= WORK REQUEST =
Leaving the pictures aside, reproduce the data in full and word for word.

= MATERIAL PROVIDED =
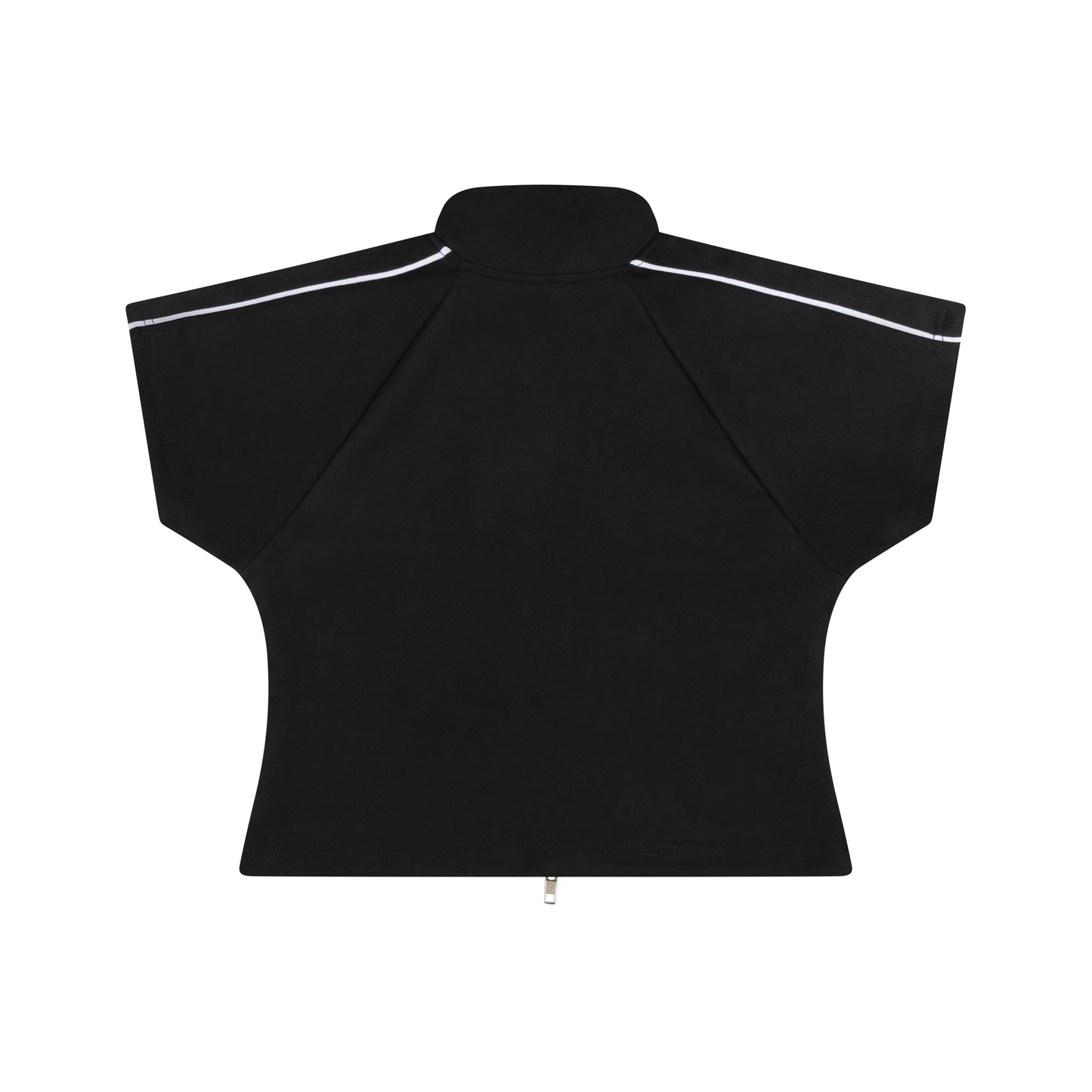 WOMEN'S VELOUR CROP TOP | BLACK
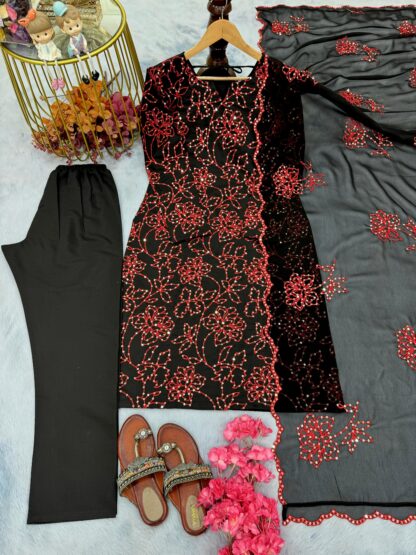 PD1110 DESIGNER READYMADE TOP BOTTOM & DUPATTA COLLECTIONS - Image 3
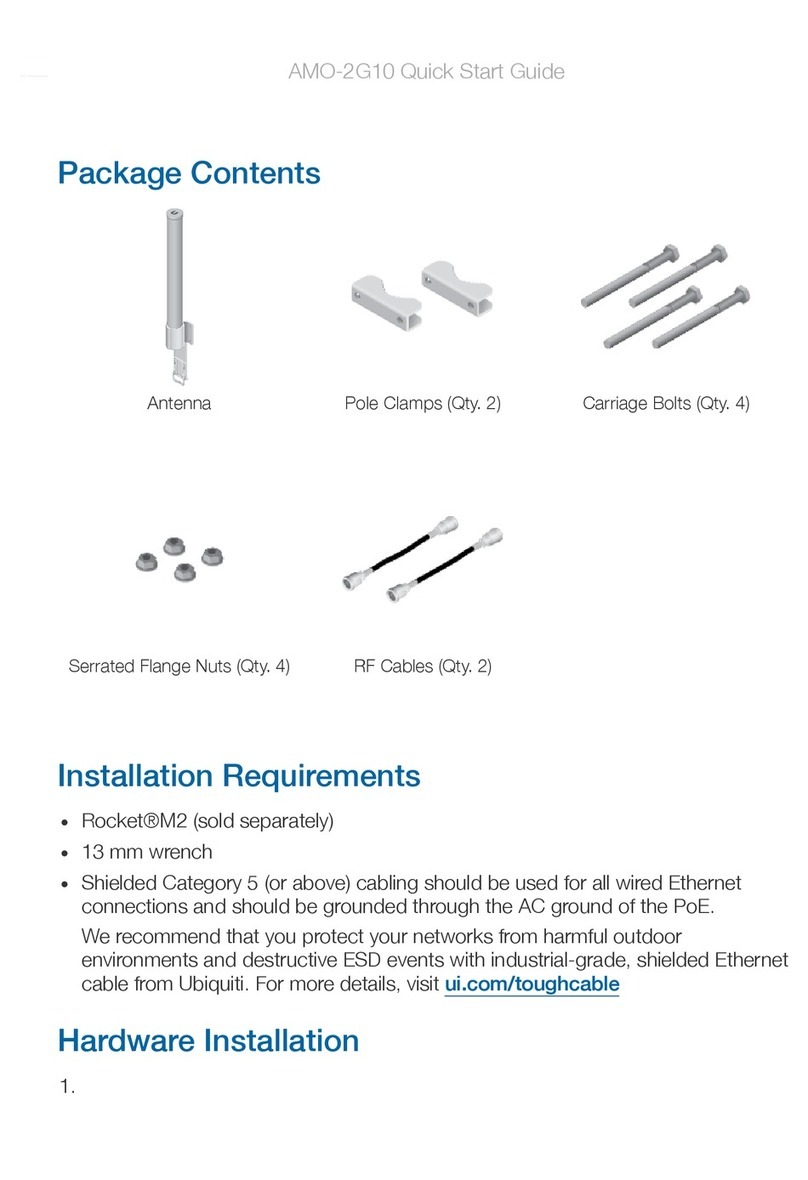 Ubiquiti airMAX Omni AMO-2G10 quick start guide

= COMPLETED EXERCISE =
 WOMEN'S VELOUR CROP TOP | BLACK
 PD1110 DESIGNER READYMADE TOP BOTTOM & DUPATTA COLLECTIONS - Image 3
 Ubiquiti airMAX Omni AMO-2G10 quick start guide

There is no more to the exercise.